Exercise directions:
Repeat every record exactly as written, but leave out the pictures.
===== Information provided
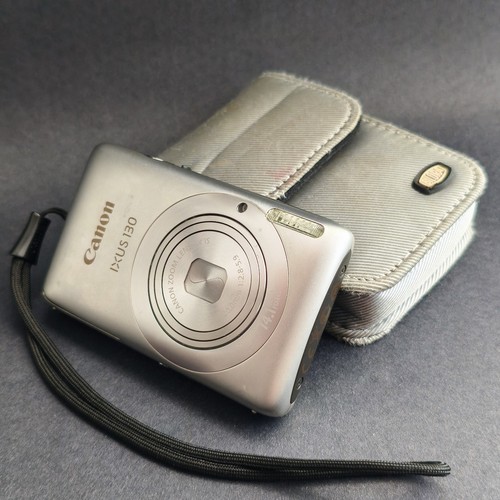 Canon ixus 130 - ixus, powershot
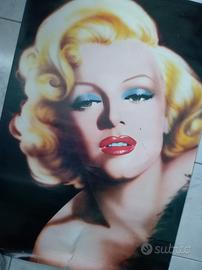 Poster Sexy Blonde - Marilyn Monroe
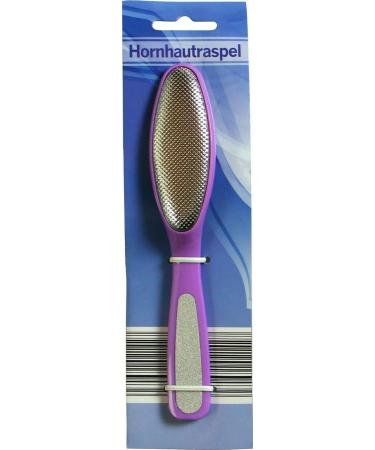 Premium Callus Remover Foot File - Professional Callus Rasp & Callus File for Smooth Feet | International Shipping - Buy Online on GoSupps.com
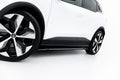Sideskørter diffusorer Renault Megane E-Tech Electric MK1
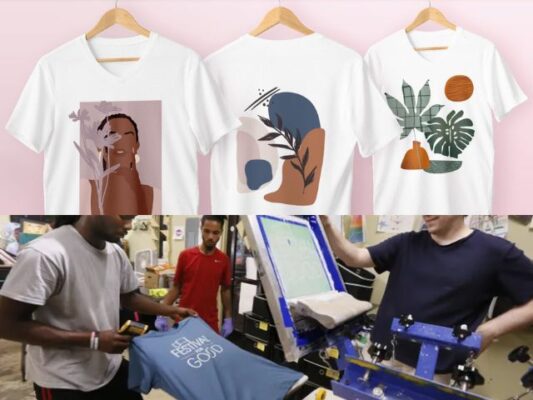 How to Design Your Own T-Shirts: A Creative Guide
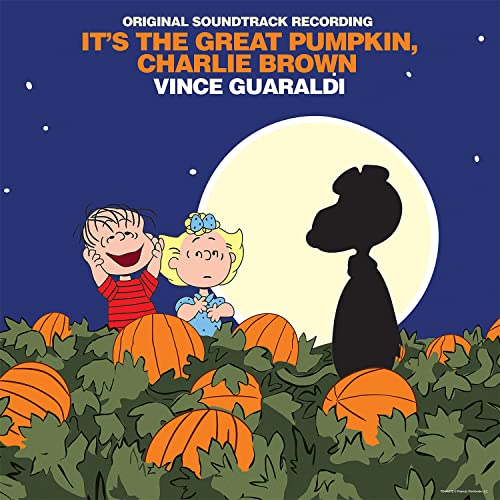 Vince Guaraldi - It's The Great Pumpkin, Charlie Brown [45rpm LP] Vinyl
==========
Exercise solution:
 Canon ixus 130 - ixus, powershot
 Poster Sexy Blonde - Marilyn Monroe
 Premium Callus Remover Foot File - Professional Callus Rasp & Callus File for Smooth Feet | International Shipping - Buy Online on GoSupps.com
Sideskørter diffusorer Renault Megane E-Tech Electric MK1
 How to Design Your Own T-Shirts: A Creative Guide
 Vince Guaraldi - It's The Great Pumpkin, Charlie Brown [45rpm LP] Vinyl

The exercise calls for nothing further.